* PROBLEM DESCRIPTION *
Every record that follows must be returned word for word.
*** Begin section ***
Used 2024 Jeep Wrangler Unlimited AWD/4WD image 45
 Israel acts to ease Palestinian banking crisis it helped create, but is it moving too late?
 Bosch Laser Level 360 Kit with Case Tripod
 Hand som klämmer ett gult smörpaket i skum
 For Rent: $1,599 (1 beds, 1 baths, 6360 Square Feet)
*** End section ***
* SOLUTION FOR THIS TASK *
Used 2024 Jeep Wrangler Unlimited AWD/4WD image 45
 Israel acts to ease Palestinian banking crisis it helped create, but is it moving too late?
 Bosch Laser Level 360 Kit with Case Tripod
 Hand som klämmer ett gult smörpaket i skum
 For Rent: $1,599 (1 beds, 1 baths, 6360 Square Feet)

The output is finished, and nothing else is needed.